Genève • «Sous couvert d'égalité, on observe de plus en plus souvent une mise en symétrie des violences faites aux femmes et aux hommes, qui occulte le fait que celles-ci s’inscrivent au cœur d'un système social traversé par des rapports de pouvoir», dénonce l'association Viol-Secours, qui fête ses 30 ans. Eclairage.

Deux des affiches de l'exposition. A gauche, de Coline Guggisberg, à droite de Carole Brumann (Atelier La copirate rit).

Du 26 au 28 novembre, l’association genevoise Viol-Secours fête ses 30 ans. Fondée en 1985 dans un élan féministe, elle avait été créée pour répondre au manque de lieux de soutien pour les femmes victimes de viols et est devenue pionnière en matière de lutte contre les violences sexuelles, en dénonçant des réalités taboues comme le harcèlement sexuel au travail ou le viol conjugal. «Aujourd’hui encore, nous gardons cet héritage combatif. Au niveau institutionnel, il y a une tendance générale à perdre un discours de type politique, en termes de rapport de genre, sur les violences. Nous collaborons avec d’autres associations et collectifs pour le maintenir. Nous travaillons également beaucoup par le moyen de la solidarité, la création de liens et l’échange de stratégies», explique Lorraine Astier Cholodenko, l’une des travailleuses.

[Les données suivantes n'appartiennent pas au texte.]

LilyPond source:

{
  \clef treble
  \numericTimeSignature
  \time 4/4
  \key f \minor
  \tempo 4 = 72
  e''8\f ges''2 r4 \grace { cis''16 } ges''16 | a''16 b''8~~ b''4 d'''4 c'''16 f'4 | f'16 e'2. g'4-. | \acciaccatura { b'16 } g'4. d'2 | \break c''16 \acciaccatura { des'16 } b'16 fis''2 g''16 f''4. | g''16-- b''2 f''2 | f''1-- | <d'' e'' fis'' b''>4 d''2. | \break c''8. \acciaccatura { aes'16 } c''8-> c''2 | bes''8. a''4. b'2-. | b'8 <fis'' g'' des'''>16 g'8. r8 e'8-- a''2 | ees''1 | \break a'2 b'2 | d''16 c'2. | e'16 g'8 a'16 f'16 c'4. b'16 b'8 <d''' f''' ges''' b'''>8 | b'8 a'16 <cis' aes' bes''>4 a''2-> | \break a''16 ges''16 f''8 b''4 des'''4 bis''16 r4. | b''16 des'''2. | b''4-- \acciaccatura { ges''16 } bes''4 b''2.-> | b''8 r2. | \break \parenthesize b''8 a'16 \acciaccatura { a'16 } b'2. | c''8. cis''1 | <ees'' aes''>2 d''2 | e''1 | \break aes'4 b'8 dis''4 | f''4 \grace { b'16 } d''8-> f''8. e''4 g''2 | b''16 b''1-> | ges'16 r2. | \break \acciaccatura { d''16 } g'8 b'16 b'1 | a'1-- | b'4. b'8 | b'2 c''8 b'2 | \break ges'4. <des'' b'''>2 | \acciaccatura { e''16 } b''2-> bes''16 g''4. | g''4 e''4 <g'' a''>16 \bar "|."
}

Aujourd’hui, l’association, qui suit une centaine de femmes par an via ses permanences, estime qu’il y a encore du pain sur la planche, voire de plus en plus. Lorraine Astier Cholodenko rappelle ainsi que les chiffres sur les violences faites aux femmes se basent souvent sur le nombre de dénonciations déposées auprès de la police, ce qui tend à minimiser le phénomène, de nombreuses femmes n’osant pas faire la démarche de porter plainte. «La honte et la culpabilité demeurent la norme», constate-t-elle.

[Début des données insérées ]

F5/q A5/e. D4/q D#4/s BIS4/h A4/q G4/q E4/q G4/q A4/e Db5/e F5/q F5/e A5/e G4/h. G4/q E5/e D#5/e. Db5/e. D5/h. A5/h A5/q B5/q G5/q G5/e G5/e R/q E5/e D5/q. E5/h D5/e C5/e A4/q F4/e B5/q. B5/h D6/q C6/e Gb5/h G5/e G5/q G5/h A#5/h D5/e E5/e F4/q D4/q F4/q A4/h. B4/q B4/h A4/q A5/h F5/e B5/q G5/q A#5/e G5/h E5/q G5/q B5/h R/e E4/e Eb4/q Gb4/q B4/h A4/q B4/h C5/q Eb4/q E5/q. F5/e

«Il faut maintenir le terme d’agresseur»
Elle dénonce en outre une tendance de plus en plus forte, sous couvert d’égalité hommes-femmes, à mettre un pied d’égalité les violences faites aux femmes et celles vécues par les hommes, tout en présentant le problème en termes de rapports interindividuels où chacun aurait une responsabilité partagée. Pour la permanente, cette évolution tend à masquer que «les violences s’inscrivent au cœur d’un système social traversé par des rapports de pouvoir, où les femmes ont une position sociale de dominées». Elle appelle ainsi à maintenir le terme d’«agresseurs» et à rappeler que les victimes de violence continuent à être en large majorité des femmes. «Sans cela, l’identification des violences et la reconstruction pour les femmes qui en sont victimes est rendue de plus en plus difficile», ajoute-t-elle.

Et de déplorer que des institutions ou associations contribuent à véhiculer ce type de confusion, en parlant comme le fait l’association genevoise VIRES, de «sujets auteurs de violence», terme qui occulte le fait qu’une majorité desdits sujets sont des hommes agresseurs, ou en accueillant au même endroit des femmes victimes de violences et des hommes agresseurs, comme le foyer genevois Le Pertuis par exemple. Autant de structures qui, selon la permanente, contribueraient à occulter la réalité des violences faites aux femmes.

Des affiches dans les rues de Genève
C’est à la Maison de quartier de la Jonction, choisie en raison de sa tradition militante, que l’association fête ses 30 ans. Au programme, une pièce de théâtre spécialement créée pour l’occasion, des ateliers sur la question du consentement, et une exposition. A noter que Viol-Secours participe également, avec d’autres associations, à la campagne «ça veut dire non!» de la ville de Genève. A partir du 25 novembre, journée internationale pour l’élimination de la violence à l’égard des femmes, jusqu’au 9 décembre, des affiches réalisées par des jeunes collégiennes sur le thème du consentement seront visibles dans les rues de la ville.